Eleito deputado, Romário diz que está amarradão com a política

Em entrevista exclusiva ao iG, ex-jogador diz que vai manter a autenticidade e que vão ouvir muito falar dele na Câmara

iG Rio de Janeiro |

Eleito deputado federal, com 146.859 votos, em sua estreia na política, Romário deu ao iG sua primeira entrevista exclusiva após as urnas terem se fechado, ainda em seu comitê, na Barra da Tijuca.

Na conversa, revela estar "amarradão" com política e promete não desonrar seus filhos, para não ouvirem na escola que o pai é "corrupto", "safado". Disse que tem histórico de "polêmico, mas de personalidade" e "cumpridor da palavra" e que não precisa da política para glória, dinheiro ou poder.

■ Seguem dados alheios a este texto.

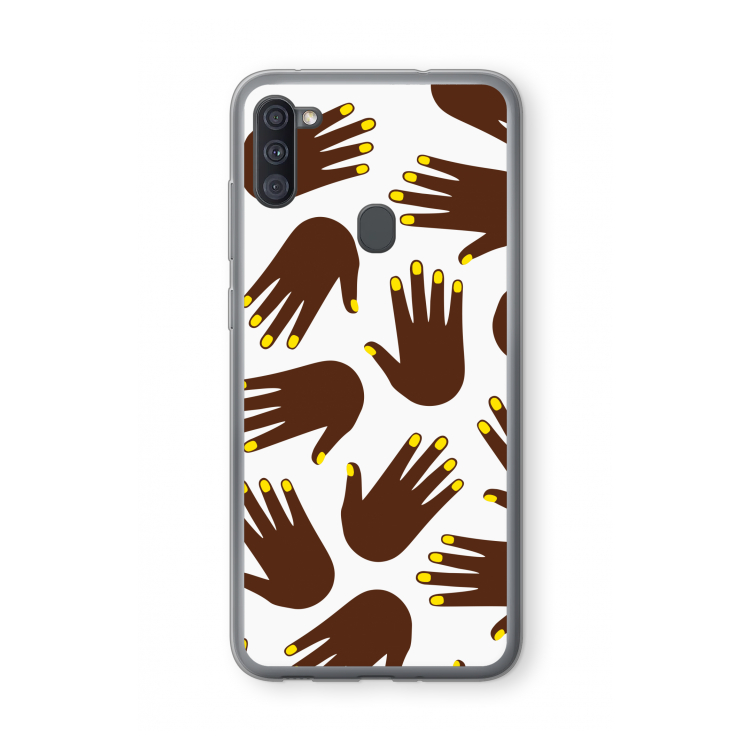 Hands dark: Samsung Galaxy A11 Transparant Hoesje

Wania Corredo / Agência Globo
Romário, candidato a deputado federal, votou acompanhado da esposa Isabella, no Colégio Joseph Brito, em Parada de Lucas, na zona norte do Rio de Janeiro
O ex-jogador tetracampeão do mundo, em 1994, lembra que cresceu na favela do Jacarezinho e cansou de pedir votos - até de muletas - para outros políticos. Ele entende que muitos sejam descrentes de sua transição do esporte para a política, mas promete se empenhar para ser um político "do bem".

Mantendo o seu estilo franco e direto, Romário conta que vai continuar sendo "autêntico" e que às vezes vai continuar "sem saco" para fazer algumas coisas. "As pessoas vão ter de me entender."

Ídolo acostumado ao assédio, achou curiosa a mudança de relação com os fãs no começo da campanha porque além de oferecer um abraço, tinha também de pedir algo, o voto.

Tido como frio nos gramados, a estreia na política foi marcada por muita tensão. "Estou nervoso para caceta!"

O estreante no tapete verde pede a Deus para ser iluminado para escolher os parceiros certos na Câmara. Não descarta voos mais altos na política, mas diz que, como no futebol, quer ir degrau por degrau.

Leia agora os principais trechos da entrevista exclusiva ao iG .

iG: Por que você resolveu se candidatar a deputado?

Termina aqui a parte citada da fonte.